Le développement de l’autonomie va de pair avec le développement des compétences. Les gestionnaires doivent faciliter l’accès à l’apprentissage et au perfectionnement, solliciter les idées sur les façons d’améliorer l’organisation du travail et encourager l’expérimentation de manières nouvelles ou plus efficaces d’exécuter le travail.

Ces six pratiques de management contribuent à donner du sens au travail et permettent de répondre à trois préoccupations importantes des employés : être à l’abri des menaces et des dangers, avoir une direction claire et inspirante, et entretenir de bonnes relations avec les autres, ce qui exige que les gestionnaires gèrent efficacement les tensions et les conflits.

Dans un environnement complexe comme celui où nous vivons actuellement, les gestionnaires doivent posséder les trois qualités humaines suivantes pour bien gérer le travail : la logique, l’empathie et le sens moral. Par la logique, ils sont en mesure de discerner l’information importante pour la prise de décision. Grâce à l’empathie, ils reconnaissent les intérêts et les valeurs des parties qui sont touchées par les décisions, et ils savent en tenir compte. Et leur sens moral les guide face à des dilemmes lorsqu’ils ont à prendre des décisions qui serviront le bien commun et dont les avantages profiteront à tout le monde.

Article publié dans l'édition Été 2023 de Gestion


Notes

[1] Mintzberg, H., Managing, Oakland (États-Unis), Berrett-Koehler Publishers, 2011, 320 pages.

[2] Drucker, P. F., «Management must manage», Harvard Business Review, vol. 28, no2, 1950, p. 80-86.
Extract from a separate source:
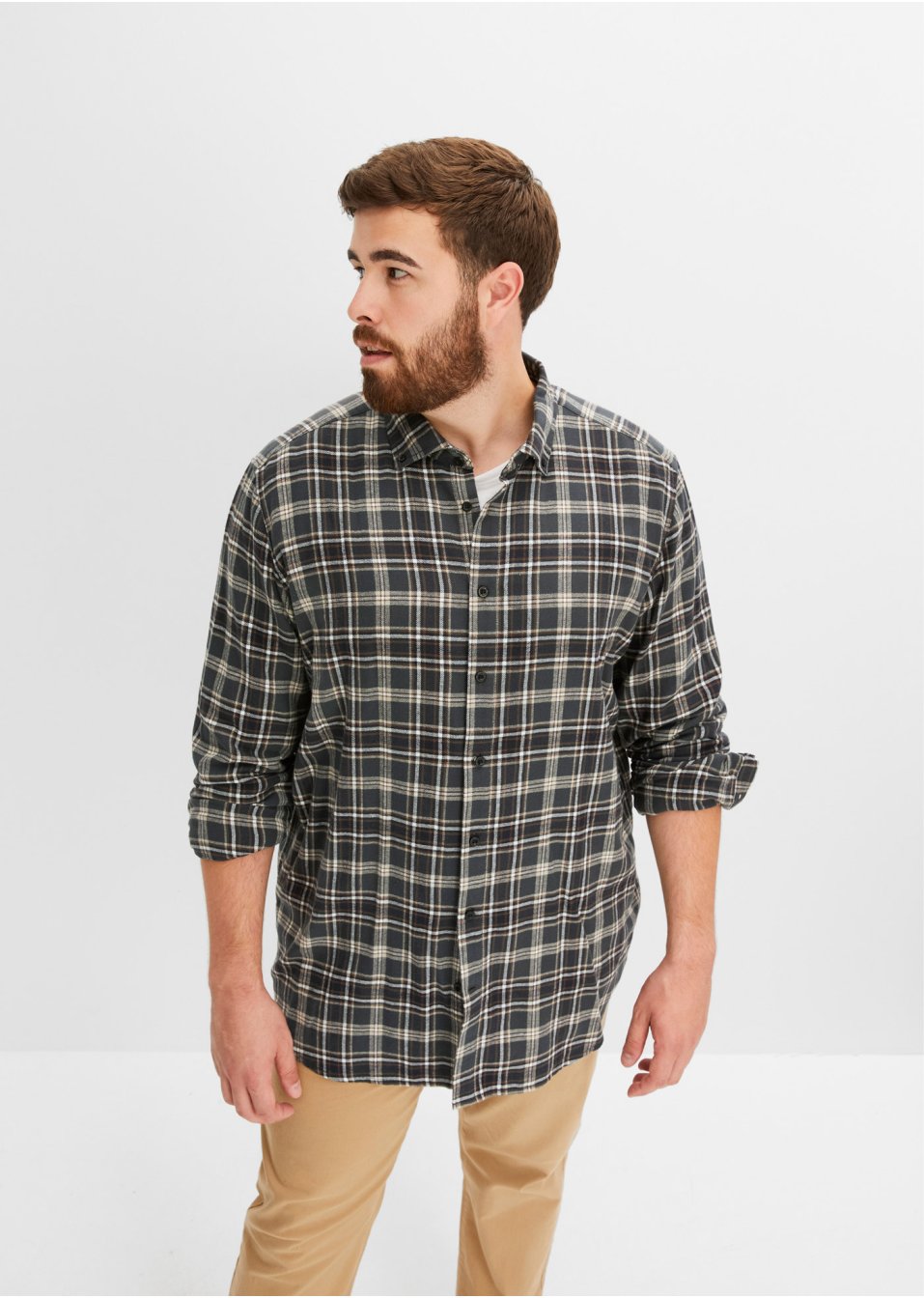 Chemise manches longues en flanelle, Slim Fit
[3] Collins, J., «Peter Drucker's Legacy», dans Drucker, P. F. (dir.), Management, New York, Harper Collins, 2008, p. XI-XIV.
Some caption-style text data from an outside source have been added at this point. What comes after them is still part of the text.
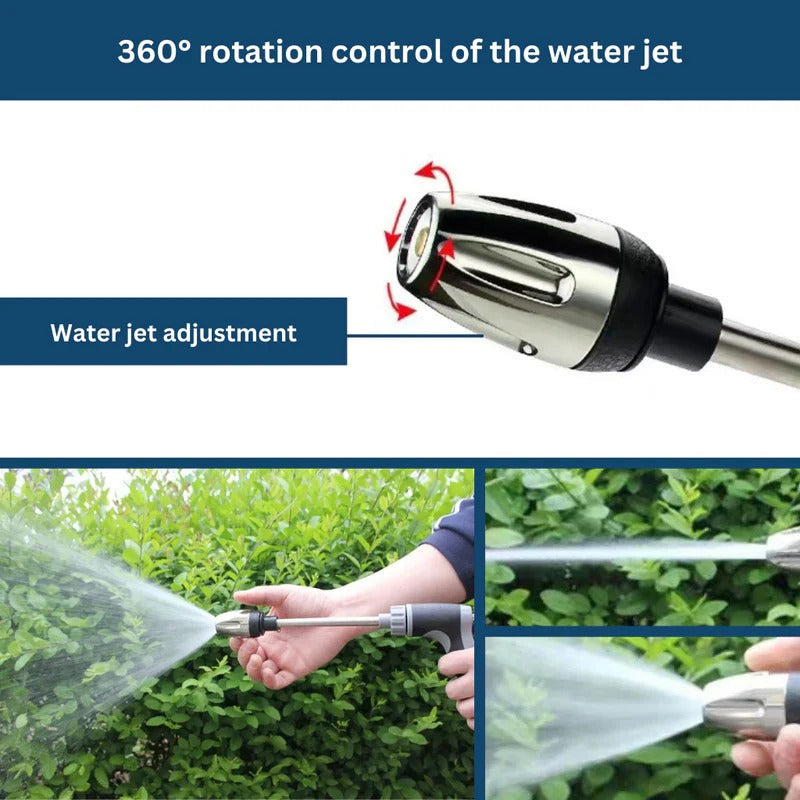 Powerful Garden Hose Attachment with Rotating Dual Nozzles
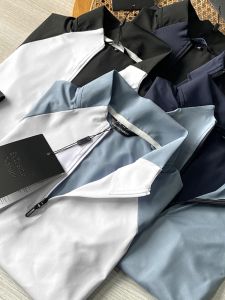 Quick Dry High Elastic Breathable Mens Casual Sport Shirt Half Zipper Stand Collar Spring Summer Trendy Long Sleeve T-Shirt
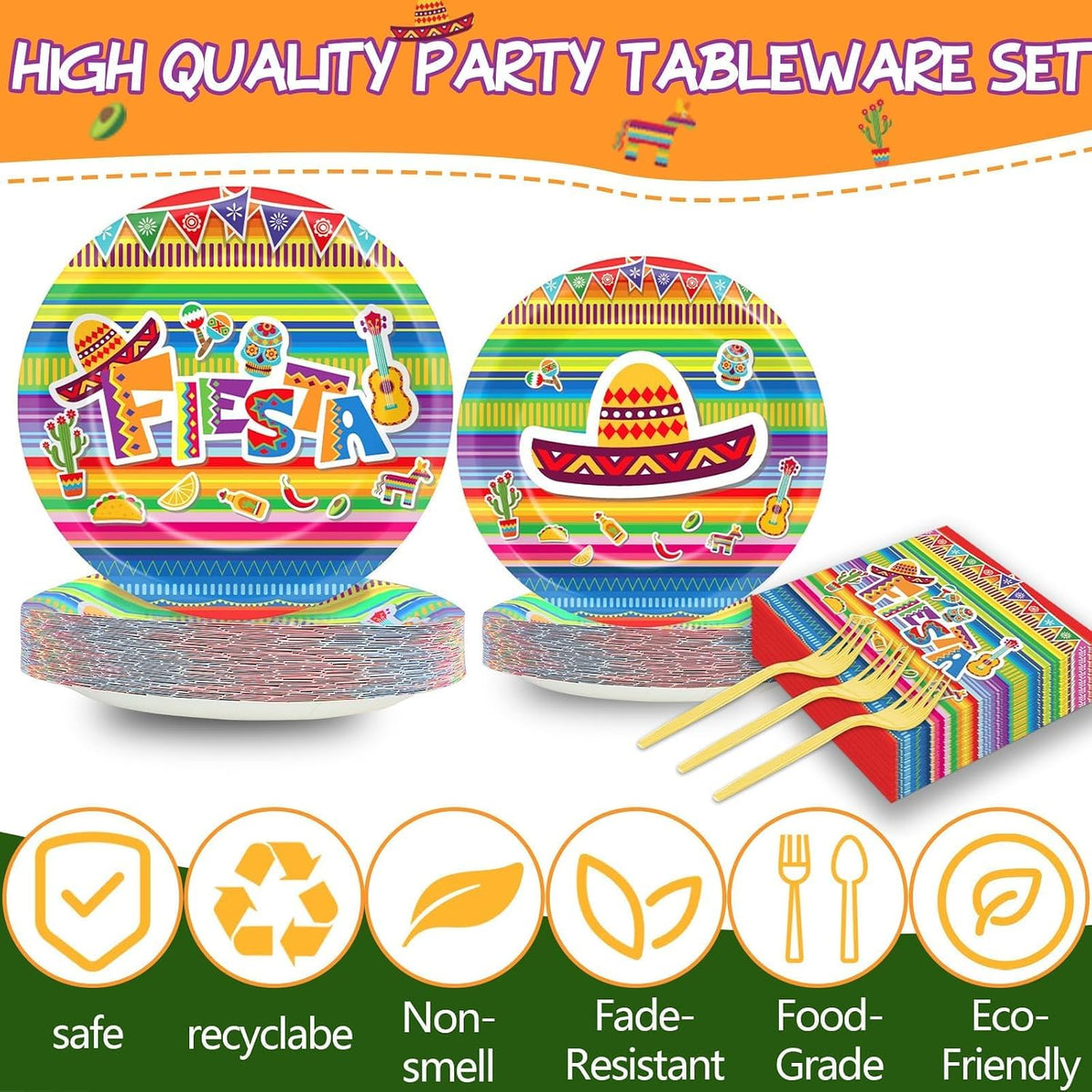 CHUNNIN 200 PCS Gone Fishing Party Plates Napkins Fishing Tableware - Mexican Fiesta - image 3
[4] Morin, E. M., «Sens du travail, santé mentale et engagement organisationnel», rapport no R 543, IRSST, 2008, 54 pages.
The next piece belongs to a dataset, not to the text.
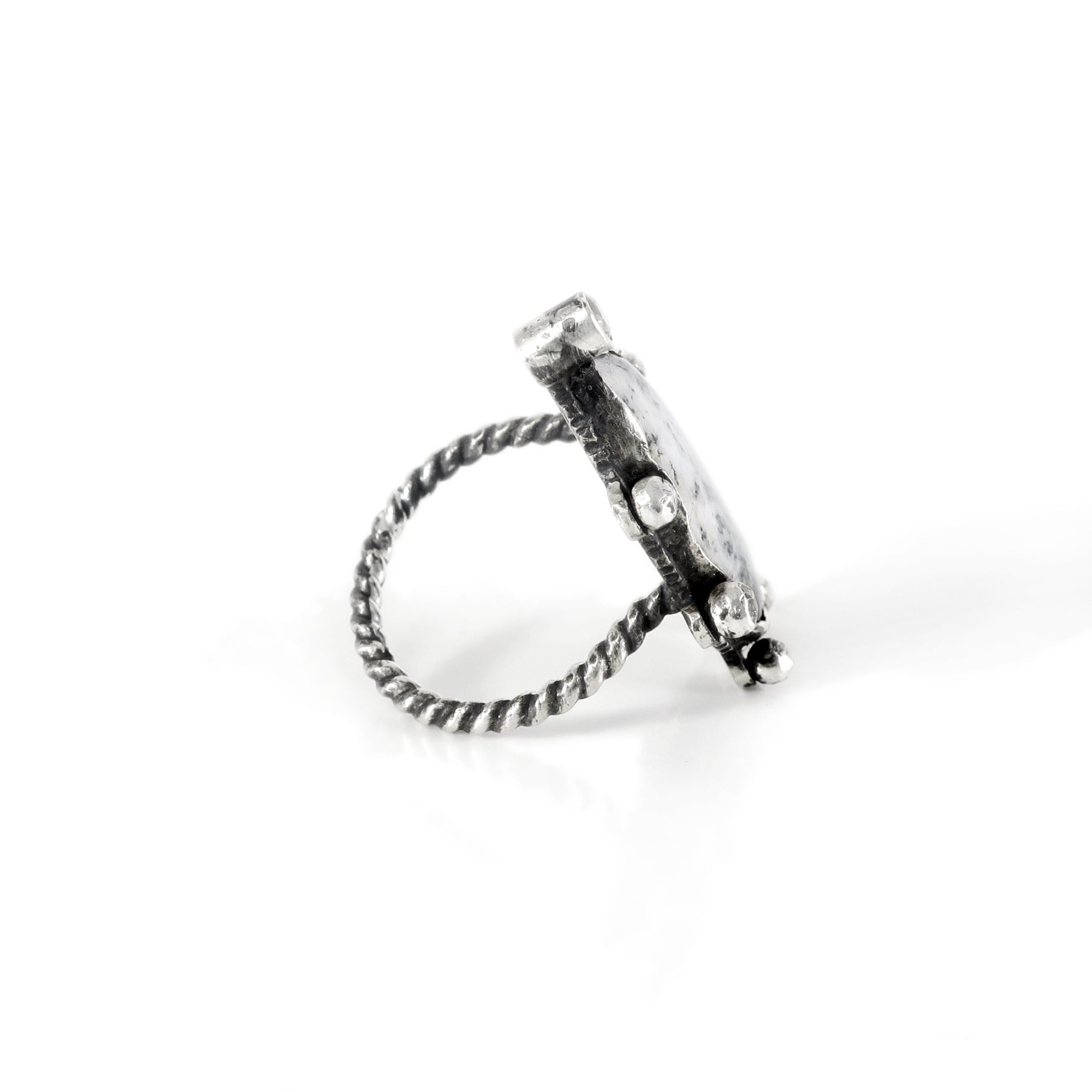 unEarthed ring with dendritic opal and white topaz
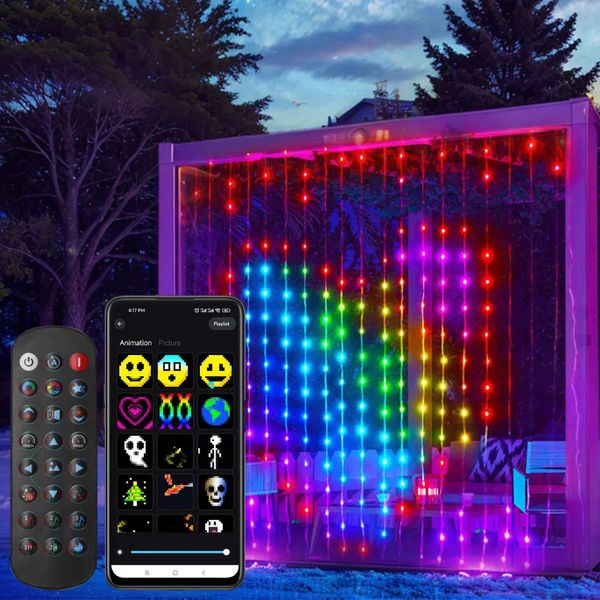 Altri articoli per feste per eventi Stringa luminosa per tende intelligenti WS2812B Stringa da 400 LED Immagine fai da te Testo Musica Syn Led Display Decorazioni per feste App Bluetooth Controllo remoto 231207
[5] Ces comportements ont été déterminés à partir d’une enquête que nous avons menée auprès de cadres et de dirigeants en France. Le questionnaire qu’ils ont rempli s’appuie sur les caractéristiques qui donnent un sens au travail comme l’utilité du travail, l’autonomie, les occasions de développement, la rectitude morale des pratiques sociales et organisationnelles, et la qualité des relations entre le gestionnaire et ses collègues. Voir Morin, E. M., Falque, L., et Gradito-Dubord, M.-A., «Enquête sur le sens du travail et les pratiques de management dans les entreprises françaises privées», Lille (France), Chaire Sens et Travail de l’Icam, 2020, 219 pages.